WHAT IS REQUIRED →
The answer must consist solely of the lines from the line with "Leopard h. Clown ph Pied" to the final line of the data below, reproduced exactly, pictures omitted.

[Short descriptive text snippets]
Content starts

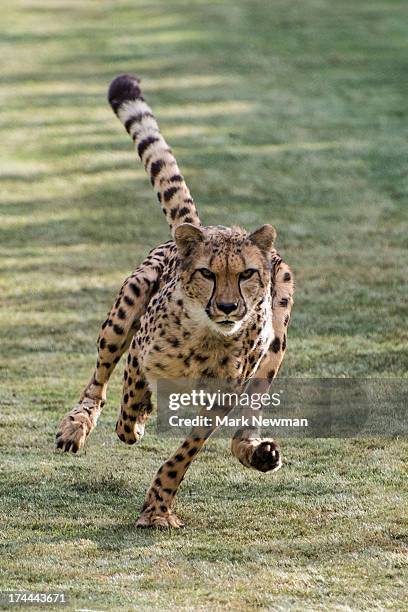 cheetah running fast - cheetah foto e immagini stock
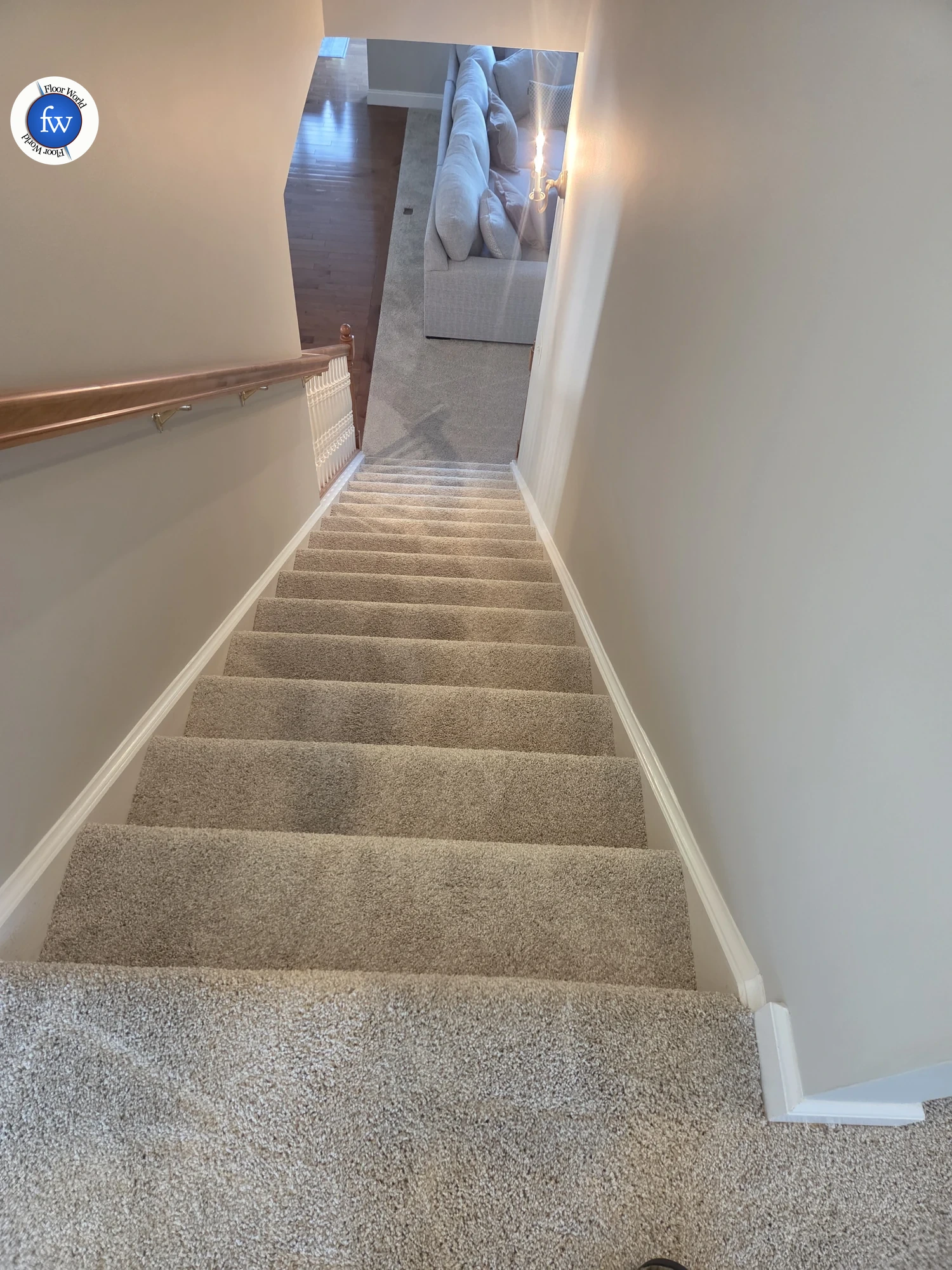 Grand Outlook · Carpet · Shaw · Pet Perfect Plus · installed room photo · Floor World Ephrata PA
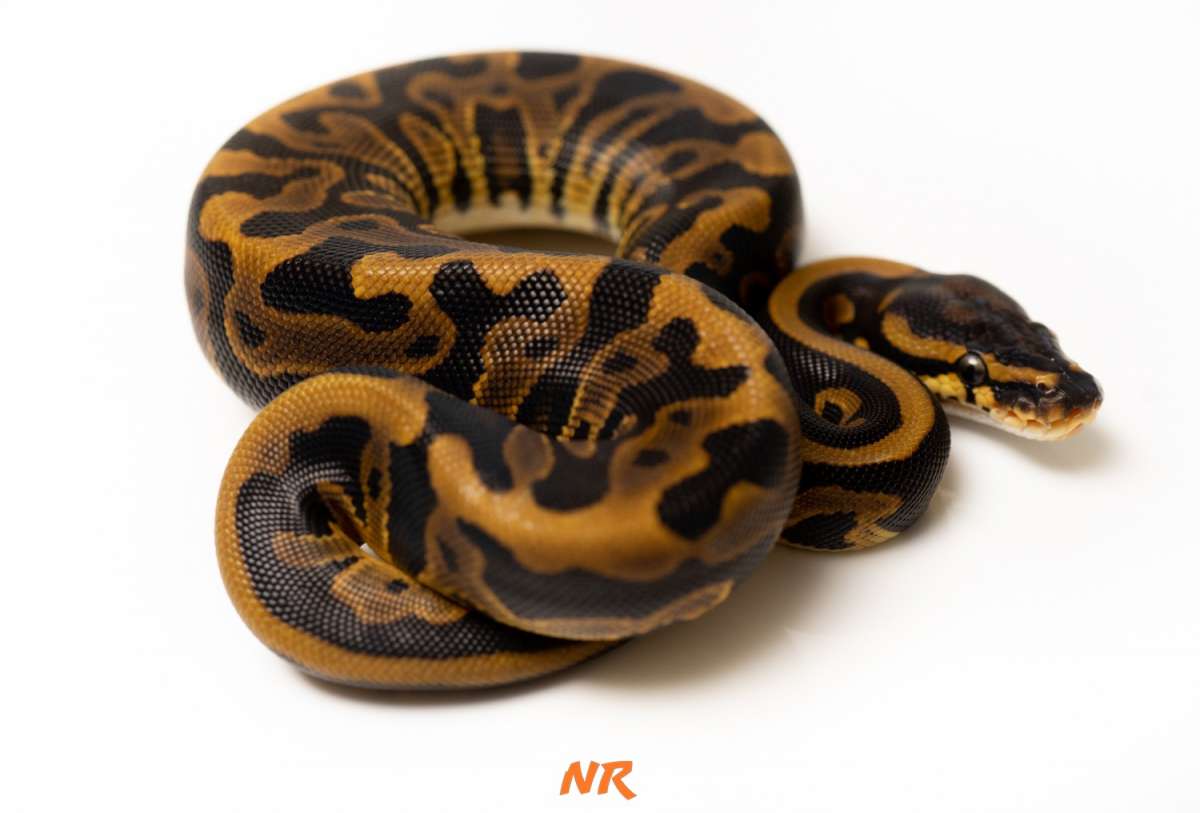 Leopard h. Clown ph Pied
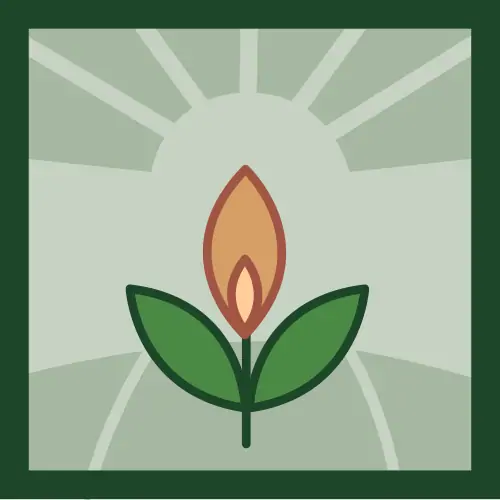 Un Viaje desde la raíz hasta el mundo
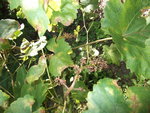 Chasselas-3.jpg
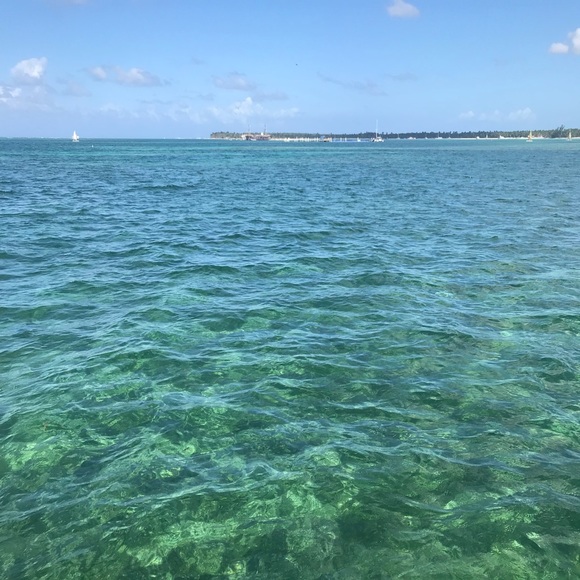 Meet your Posher, Lulu’s Looks! - Picture 2 of 3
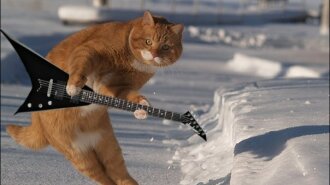 Усатые рок-звезды: пользователи Сети похвастались музыкальными талантами своих котиков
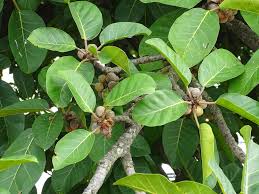 Image result for Ficus lutea
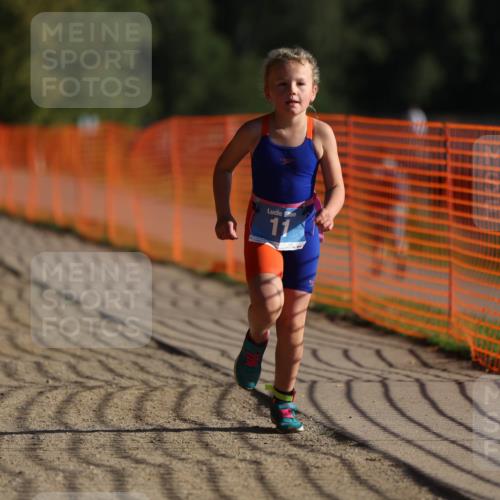 07.09.2025 - 19. Norderstedt Triathlon Michael Strokosch http://msf.ph/oto/8741545 07.09.2025 09:15:32 Laufen 11, 38 meine-sportfotos.de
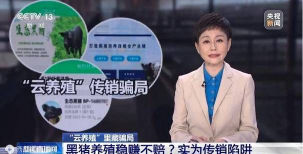 广西黑豚养殖骗局,识别常见套路,避免投资陷阱 广西黑豚养殖骗局,识别常见套路,避免投资陷阱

Content ends

RESPONSE BOX →
 Leopard h. Clown ph Pied
 Un Viaje desde la raíz hasta el mundo
 Chasselas-3.jpg
 Meet your Posher, Lulu’s Looks! - Picture 2 of 3
 Усатые рок-звезды: пользователи Сети похвастались музыкальными талантами своих котиков
 Image result for Ficus lutea
 07.09.2025 - 19. Norderstedt Triathlon Michael Strokosch http://msf.ph/oto/8741545 07.09.2025 09:15:32 Laufen 11, 38 meine-sportfotos.de
 广西黑豚养殖骗局,识别常见套路,避免投资陷阱 广西黑豚养殖骗局,识别常见套路,避免投资陷阱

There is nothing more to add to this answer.